Simulated theory – Engaging students creatively in doing sociological theory

Simulated theory – Engaging students creatively in doing sociological theory

Students taking sociology courses are can be very successful at absorbing empirical data and understanding the dynamics of everyday life in relation to topics of gender, class, ethnicity and so on. As my colleague Ralph Fevre and myself noticed, students often understood theoretical frameworks well but have difficulty moving between the concrete and the abstract or deploying theories in their own discussions. Theory then appears to students not as something they ought to care much about or do much with. Neither does it give students a grounding in applicable intellectual methods which they can apply to other areas of study and later years of their degree. They were uncertain in how to inhabit theoretical discourse and often found themselves relying on brittle, black and white constructs which did not match the suppleness of their understandings. Some would beautifully describe the theoretical frame they were relying on and then give a magical account of the empirical situation they were examining, but the two apparently existed in separate spheres. Others take refuge in safe and known positions which they intuited would flatter their teachers’ points of view. Sometimes it is students who produce less polished work who are being more honest about their stance.

Sociological theory can be taught in ways which give students the confidence to articulate theoretical concepts and work through their real world consequences. To take two examples of where this often does work as intended, courses in feminist theory and postcolonialism often do this very effectively. A combination of the commitment of the authors, teachers and students to a joint enterprise is borne through involved and engaging teaching methods. The classroom becomes a fruitful, productive space, and teachers in these topics are often comfortable recognising and incorporating conflict into their work, recognising the multiplicity of social life and the multivariant nature of social phenomena without losing sight of the big picture issues at play. Observing my colleagues teaching these courses and speaking to their students shows what can be gained where the classroom is a lively place where things happen. Ideas are crystallised, differences aired, and provocations are permitted and encouraged.

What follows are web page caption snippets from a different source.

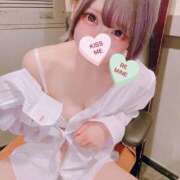 ヒメ日記 2025/11/06 12:11 投稿 ななき 11チャンネル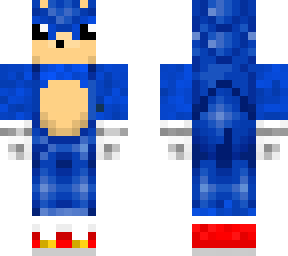 sonic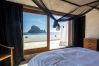 Villa in Ibiza / Eivissa - Viviana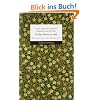 In der Ferne so nah: Briefwechsel einer ungew�hnlichen Liebe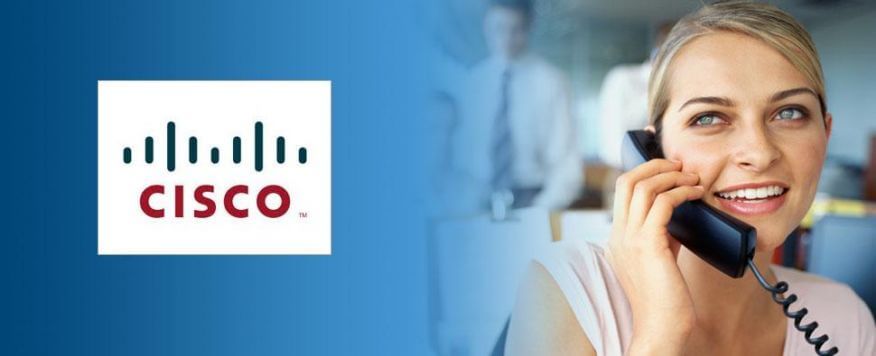 cisco pbx supplier nairobi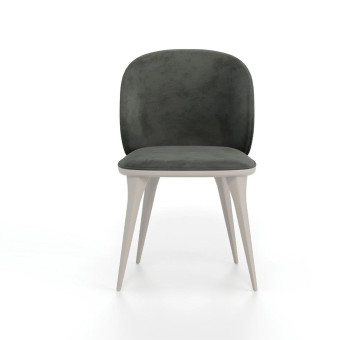 Стул ENZA HOME HERA EH73902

How might this be done more widely? Giving students permission to disagree and the tools to articulate their disagreements is key. These qualities can be incorporated into texts and classroom environments using a dialogic approach that draws on the classical tradition of disputation and productive conflict. As students will come to the classroom with a variety of capacities they are likely to find leaping into something in the style of Plato’s Symposium intimidating or alienating. In any case these classical dialogues are themselves rather contrived. Instead I like to draw on concepts students will be familiar with for creating dialogue and giving students the tools to interact with the material and each other. These are world building, simulation and augmentation. World building and simulation may be familiar from the Minecraft video game and many other apps, and augmentation from augmented reality capabilities built into social media apps such as Instagram. Problem based learning approaches align with these experiences, where students are given information and asked to simulate a problem solving team or another scenario. Students may be asked to write the thoughts of Georg Simmel attending a 21st century rave, advise a drug gang or the FBI on the philosophy of money, or rewrite Marx’s Communist Manifesto as if he had been a driver in the gig economy. The challenge in these approaches is that students are sometimes unsure of what is being asked of them, and often do not have experience of creative methods and being asked to think in a creative way, it is demanding of both teachers and students, and it does not remotely fit with the evaluation bureaucracy beloved of the modern British higher education system. However if we can make a space for recovering the ideal of the Enlightenment university – a public place that exists beyond the rule bound bricks and stone of the institution – then we will have done some good.